I’ve got a thing about wood screws ever since I went to Canada. The most widely used over there seem to be Robertson Square drive. As a result I’ve only ever bought square or Torx drive screws over the past 20 years. I’ve always disliked pozidrive and Phillips screws. I also like Spax screws.

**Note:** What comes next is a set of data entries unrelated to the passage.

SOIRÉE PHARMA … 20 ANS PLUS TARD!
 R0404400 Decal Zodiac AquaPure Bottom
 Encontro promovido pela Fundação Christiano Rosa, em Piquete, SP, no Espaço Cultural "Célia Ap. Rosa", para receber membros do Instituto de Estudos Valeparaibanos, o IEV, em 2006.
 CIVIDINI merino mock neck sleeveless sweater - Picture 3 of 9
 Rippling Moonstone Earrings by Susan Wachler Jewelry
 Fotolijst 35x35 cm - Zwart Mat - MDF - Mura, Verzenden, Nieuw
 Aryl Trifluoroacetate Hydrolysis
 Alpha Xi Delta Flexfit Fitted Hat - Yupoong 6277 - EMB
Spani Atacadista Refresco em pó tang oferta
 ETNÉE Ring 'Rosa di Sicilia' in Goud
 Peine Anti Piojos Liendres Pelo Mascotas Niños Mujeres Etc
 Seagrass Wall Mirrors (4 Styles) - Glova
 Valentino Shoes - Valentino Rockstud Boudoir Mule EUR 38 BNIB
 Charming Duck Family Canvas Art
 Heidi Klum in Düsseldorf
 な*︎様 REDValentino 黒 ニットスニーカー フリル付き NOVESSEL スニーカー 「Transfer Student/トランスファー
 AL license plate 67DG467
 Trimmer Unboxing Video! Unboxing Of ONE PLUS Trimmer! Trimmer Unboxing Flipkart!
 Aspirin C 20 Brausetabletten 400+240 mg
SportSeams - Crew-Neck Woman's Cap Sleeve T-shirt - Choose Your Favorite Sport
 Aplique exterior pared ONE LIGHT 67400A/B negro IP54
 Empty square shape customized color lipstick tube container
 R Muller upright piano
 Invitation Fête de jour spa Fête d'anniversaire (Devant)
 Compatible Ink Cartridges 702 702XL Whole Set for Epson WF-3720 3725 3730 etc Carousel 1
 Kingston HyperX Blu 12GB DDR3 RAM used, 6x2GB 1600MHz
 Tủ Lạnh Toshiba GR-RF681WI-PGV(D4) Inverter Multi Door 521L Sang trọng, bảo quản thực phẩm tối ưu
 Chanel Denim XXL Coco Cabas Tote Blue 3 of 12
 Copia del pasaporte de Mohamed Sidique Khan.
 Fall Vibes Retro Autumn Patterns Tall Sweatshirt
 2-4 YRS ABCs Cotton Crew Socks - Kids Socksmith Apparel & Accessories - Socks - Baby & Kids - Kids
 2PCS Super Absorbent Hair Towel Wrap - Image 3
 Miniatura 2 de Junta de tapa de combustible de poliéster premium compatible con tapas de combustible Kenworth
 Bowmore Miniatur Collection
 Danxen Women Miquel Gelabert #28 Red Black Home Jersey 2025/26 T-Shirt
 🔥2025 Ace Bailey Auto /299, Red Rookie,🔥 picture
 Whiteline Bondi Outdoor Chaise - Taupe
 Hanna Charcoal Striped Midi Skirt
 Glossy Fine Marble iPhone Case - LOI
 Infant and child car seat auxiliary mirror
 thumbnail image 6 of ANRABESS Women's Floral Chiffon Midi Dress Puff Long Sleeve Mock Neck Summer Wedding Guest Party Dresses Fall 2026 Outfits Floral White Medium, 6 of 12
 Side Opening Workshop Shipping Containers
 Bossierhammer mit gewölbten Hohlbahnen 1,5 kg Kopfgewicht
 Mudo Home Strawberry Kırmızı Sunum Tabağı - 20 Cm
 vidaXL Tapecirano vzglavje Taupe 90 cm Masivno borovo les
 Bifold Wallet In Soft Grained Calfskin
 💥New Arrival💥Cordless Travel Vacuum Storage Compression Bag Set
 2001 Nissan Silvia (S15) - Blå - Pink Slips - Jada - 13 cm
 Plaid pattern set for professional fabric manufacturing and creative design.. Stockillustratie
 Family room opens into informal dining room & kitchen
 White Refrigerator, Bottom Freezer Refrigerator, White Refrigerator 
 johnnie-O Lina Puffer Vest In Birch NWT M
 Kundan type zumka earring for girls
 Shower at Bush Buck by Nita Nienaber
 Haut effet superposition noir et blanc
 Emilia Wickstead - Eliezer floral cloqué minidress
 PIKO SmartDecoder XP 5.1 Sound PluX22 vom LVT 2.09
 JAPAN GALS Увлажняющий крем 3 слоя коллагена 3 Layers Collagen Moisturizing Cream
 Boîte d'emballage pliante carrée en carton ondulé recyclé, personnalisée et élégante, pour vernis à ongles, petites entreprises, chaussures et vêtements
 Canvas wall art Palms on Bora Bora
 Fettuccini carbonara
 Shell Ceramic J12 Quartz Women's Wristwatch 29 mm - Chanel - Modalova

https://www.axminster.co.uk/spax-t-star-mdf-screws-wirox-csk-partial-thread-ax1028644

Screwfix and Wickes also sell them. Good luck with the build.


----------



## LeonKo (9 Mar 2021)

Hallo,
Waar heb je die tekeningen van de kast gevonden? Zijn er meer van dat soort tekeningen? Ik heb gezocht maar heb niet veel gevonden ...
Thanks!


----------



## lazybones51 (8 Apr 2021)

LeonKo said:


> Hallo,
> Waar heb je die tekeningen van de kast gevonden? Zijn er meer van dat soort tekeningen? Ik heb gezocht maar heb niet veel gevonden ...
> Thanks!


Sorry for the delayed response. I found the drawings on this forum in another thread, I'm sure they've been produced for the 90p as well.


----------



## David Moore (3 May 2021)

lazybones51 said:


> *This guide is how I went about building an ADA style cabinet for an ADA 60P aquarium.*
> 
> I started using these plans that I found elsewhere on UKAPS
> *View attachment 133035*
> ...


Thank you


----------